PERRY, Kan. (WIBW) - While sightings of the Osprey bird are commonplace, there hasn't been a single recorded successful Osprey nesting throughout the history of the sunflower state. Until now. Wildlife officials helped erect a permanent, 50-foot nesting structure at Lake Perry specifically for the future of the once endangered bird species. WIBW TV reports that the effort finally appears to be paying off. The once endangered bird species is now nesting at Perry Lake.


KU Football Moves Up in AP Poll, K-State Falls Out of Top 25

UNDATED (KPR) — The University of Kansas football team moved up three spots to No 19 in the latest AP poll of the top 25 college football teams. K-State has fallen out of the poll. The Jayhawks, who defeated Iowa State on Saturday, improved to 7-2 on the season. K-State, which had been ranked No. 25 a week ago, fell out of the rankings after losing to Texas in overtime.

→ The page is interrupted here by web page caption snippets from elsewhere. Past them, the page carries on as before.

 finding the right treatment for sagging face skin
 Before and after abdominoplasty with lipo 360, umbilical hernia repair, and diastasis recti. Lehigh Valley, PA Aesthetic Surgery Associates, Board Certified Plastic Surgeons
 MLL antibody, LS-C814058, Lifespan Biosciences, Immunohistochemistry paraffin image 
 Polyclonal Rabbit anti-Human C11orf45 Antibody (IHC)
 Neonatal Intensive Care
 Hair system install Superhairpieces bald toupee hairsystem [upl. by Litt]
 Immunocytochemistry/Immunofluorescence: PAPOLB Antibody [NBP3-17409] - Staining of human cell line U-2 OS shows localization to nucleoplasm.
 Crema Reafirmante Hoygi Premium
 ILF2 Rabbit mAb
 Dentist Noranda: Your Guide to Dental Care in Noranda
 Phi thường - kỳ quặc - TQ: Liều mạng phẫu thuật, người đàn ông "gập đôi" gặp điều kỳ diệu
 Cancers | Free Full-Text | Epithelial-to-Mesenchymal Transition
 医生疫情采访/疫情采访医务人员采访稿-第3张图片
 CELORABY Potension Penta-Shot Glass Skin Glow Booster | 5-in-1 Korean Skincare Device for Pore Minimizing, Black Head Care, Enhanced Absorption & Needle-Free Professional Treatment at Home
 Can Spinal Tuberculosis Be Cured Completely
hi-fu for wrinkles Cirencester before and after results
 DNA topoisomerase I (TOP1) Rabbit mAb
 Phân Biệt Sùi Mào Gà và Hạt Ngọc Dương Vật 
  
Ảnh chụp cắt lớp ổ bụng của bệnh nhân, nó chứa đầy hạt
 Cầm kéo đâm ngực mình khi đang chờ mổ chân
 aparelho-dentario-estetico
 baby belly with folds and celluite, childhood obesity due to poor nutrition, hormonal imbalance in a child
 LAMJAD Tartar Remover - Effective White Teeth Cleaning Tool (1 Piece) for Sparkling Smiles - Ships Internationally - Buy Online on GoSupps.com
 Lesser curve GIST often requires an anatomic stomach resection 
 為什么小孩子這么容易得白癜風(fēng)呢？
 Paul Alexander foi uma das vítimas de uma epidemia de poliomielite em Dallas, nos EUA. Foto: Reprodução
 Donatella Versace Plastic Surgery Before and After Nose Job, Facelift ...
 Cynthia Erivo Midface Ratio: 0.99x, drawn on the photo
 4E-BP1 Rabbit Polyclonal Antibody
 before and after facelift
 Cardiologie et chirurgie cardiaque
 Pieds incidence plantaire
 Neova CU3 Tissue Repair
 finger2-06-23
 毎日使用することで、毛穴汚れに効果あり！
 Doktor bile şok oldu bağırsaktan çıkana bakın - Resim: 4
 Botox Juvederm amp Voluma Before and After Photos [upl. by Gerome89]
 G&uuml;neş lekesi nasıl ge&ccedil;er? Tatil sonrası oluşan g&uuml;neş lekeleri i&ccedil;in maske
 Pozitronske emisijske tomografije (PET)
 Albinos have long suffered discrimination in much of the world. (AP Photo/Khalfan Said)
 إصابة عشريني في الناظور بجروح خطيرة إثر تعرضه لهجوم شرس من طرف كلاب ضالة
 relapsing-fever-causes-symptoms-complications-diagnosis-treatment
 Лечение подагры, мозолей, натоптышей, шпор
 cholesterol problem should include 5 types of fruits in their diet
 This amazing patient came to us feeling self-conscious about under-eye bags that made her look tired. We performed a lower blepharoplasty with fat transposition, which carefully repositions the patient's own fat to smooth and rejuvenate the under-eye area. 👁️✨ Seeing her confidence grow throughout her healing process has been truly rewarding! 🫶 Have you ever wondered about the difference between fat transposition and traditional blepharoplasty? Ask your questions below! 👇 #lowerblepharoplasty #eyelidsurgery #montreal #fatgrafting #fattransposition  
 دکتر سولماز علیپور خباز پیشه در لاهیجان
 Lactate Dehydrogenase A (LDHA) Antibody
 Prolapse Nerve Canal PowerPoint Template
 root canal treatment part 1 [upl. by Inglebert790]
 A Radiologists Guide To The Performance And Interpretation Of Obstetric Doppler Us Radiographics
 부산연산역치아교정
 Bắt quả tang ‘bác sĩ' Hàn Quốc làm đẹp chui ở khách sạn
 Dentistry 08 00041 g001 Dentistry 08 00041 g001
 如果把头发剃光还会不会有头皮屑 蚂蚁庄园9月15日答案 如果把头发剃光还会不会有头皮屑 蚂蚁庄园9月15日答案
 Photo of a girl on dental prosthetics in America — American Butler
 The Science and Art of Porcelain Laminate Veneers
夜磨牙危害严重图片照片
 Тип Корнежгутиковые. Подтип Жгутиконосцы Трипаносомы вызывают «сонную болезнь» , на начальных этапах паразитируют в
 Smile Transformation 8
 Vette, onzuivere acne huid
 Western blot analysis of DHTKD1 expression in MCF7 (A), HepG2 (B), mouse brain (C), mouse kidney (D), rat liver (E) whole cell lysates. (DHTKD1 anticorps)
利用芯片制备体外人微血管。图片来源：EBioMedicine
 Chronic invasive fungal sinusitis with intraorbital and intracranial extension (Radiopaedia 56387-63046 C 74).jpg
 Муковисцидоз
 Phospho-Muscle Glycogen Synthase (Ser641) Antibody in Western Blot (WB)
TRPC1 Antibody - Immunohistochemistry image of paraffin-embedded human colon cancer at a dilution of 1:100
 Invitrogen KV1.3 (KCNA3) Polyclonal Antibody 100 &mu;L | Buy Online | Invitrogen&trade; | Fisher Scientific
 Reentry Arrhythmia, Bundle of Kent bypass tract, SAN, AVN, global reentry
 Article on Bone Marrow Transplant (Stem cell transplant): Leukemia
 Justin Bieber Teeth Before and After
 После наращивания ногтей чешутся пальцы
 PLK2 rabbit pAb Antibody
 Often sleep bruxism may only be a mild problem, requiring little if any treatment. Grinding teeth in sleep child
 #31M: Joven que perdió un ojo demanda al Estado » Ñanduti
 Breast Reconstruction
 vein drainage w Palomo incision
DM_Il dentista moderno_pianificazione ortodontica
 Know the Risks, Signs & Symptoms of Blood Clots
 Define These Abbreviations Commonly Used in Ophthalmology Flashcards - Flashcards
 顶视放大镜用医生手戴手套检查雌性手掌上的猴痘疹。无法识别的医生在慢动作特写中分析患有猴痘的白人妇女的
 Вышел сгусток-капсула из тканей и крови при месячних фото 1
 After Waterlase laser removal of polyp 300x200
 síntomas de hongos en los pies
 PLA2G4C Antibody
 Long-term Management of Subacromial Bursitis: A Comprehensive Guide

KU Coach Bill Self Signs Richest College Basketball Contract Ever Given by a Public University

LAWRENCE, Kan. (AP) — University of Kansas men's basketball coach Bill Self signed a lifetime contract Tuesday that will pay him $53 million over the first five years, easily surpassing Kentucky coach John Calipari for the richest deal ever given to a college basketball coach at a public university.

Self will make more than $13 million this season in base pay, professional services and royalties along with a one-time signing bonus and retention payments, including some that were deferred during the pandemic. At the conclusion of each year, another is added to the deal, and Self will earn a one-time, $5 million retention bonus if he serves out the first five.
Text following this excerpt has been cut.